3. Predictions Based on Theory- and Data- Driven Perspectives

To guide our analysis and interpretation, we present two complementary sets of predictions derived from distinct sources: (1) a theory-driven framework integrating EPF, WCC, and NCH; and (2) a data-driven framework grounded in the empirical MMN literature. This approach ensures that our expectations are both conceptually motivated and empirically constrained. Predictions are formulated for two levels of analysis: temporal principal component analysis (t-PCA) and representational similarity analysis (RSA). t-PCA will be used to decompose the ERP signal into temporally distinct components (e.g., early MMN, late MMN), from which amplitude and latency estimates are derived.

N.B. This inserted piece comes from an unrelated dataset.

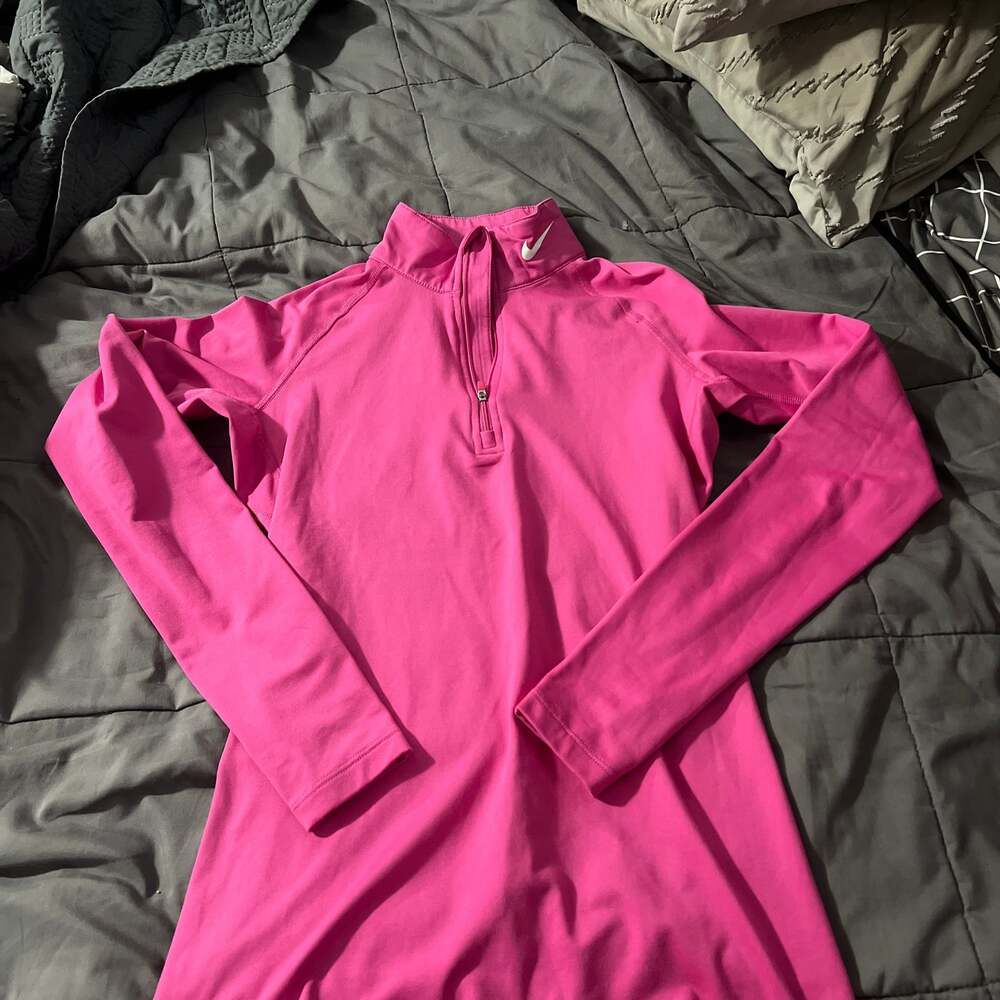 Nike Pro Therma-Fit Women's Pink 1/2 Zip Long Sleeve Pullover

RSA will assess the structure of neural representations across conditions.

3.1. Theory-Driven Predictions (Based on EPF, WCC, and NCH Frameworks)

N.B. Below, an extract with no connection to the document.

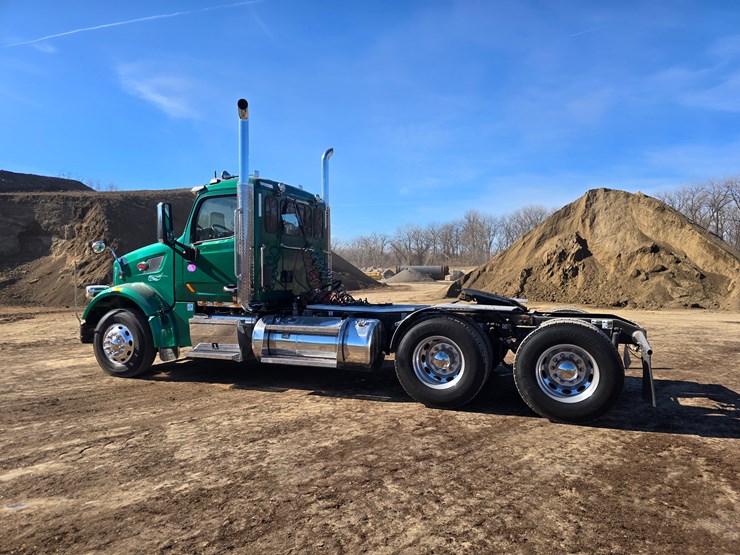 2019-peterbilt-567-image-9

Here, we make some predictions from the tentative local vs. global processing framework (Table 1), which integrates the core tenets of EPF (enhanced local processing), WCC (impaired global integration), and NCH (escalating deficits with complexity). We focus on the eMMN and lMMN components and treat this framework as provisional and testable, acknowledging that the local/global distinction may not fully capture the neurophysiological reality of speech perception.

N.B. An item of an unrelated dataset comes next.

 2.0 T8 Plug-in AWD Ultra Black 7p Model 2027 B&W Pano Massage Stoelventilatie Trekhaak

3.1.1. t-PCA-Level Predictions (P)

P1 (Component Variance): The proportion of variance explained by temporally decomposed MMN components (eMMN, lMMN) will be lower in the ASD group for multi-feature deviants (V + T, C + T, C + V + T), reflecting less structured neural responses under high integrative demand.

P2 (Factor Scores): Factor scores for MMN-related components will be significantly reduced in the ASD group, particularly for tone-involving conditions (T, V + T, C + T, C + V + T), consistent with a global integration deficit.

P3 (Temporal Dynamics): The ASD group will show a delayed peak in late MMN (lMMN) components across all conditions, with the greatest delay observed for triple-feature deviants, supporting NCH’s prediction of cascading processing delays.

3.1.2. RSA-Level Predictions

P4 (Representational Structure): Neural representational dissimilarity matrices (RDMs) in the ASD group will show weaker differentiation between multi-feature deviants (e.g., C + V + T vs. standard) compared to TD children, particularly in the lMMN time window.

P5 (Integration Failure): The fit between neural RDMs and a theoretical “Integrated Features” model (which assumes synergistic processing of C, V, T) will be poorer in the ASD group, especially for V + T and C + V + T conditions.

P6 (Local Bias): The fit between neural RDMs and a “Segmental-Only” model (prioritizing C and V) will be stronger in the ASD group than in TD children, reflecting a local processing bias.

3.2. Data-Driven Predictions (Based on MMN Literature)

Predictions are also derived for the t-PCA and RSA analyses from empirical findings across multiple studies (Table 2). They reflect general patterns in the literature and serve as a baseline against which theoretical predictions can be evaluated. They do not assume a local/global dissociation but rather a graded, complexity-dependent deficit.

3.2.1. t-PCA-Level Predictions

P7 (Amplitude Attenuation): Across all conditions (with the exception of vowel deviation), the ASD group will show lower factor scores for MMN components, with the most severe reductions in multi-feature conditions.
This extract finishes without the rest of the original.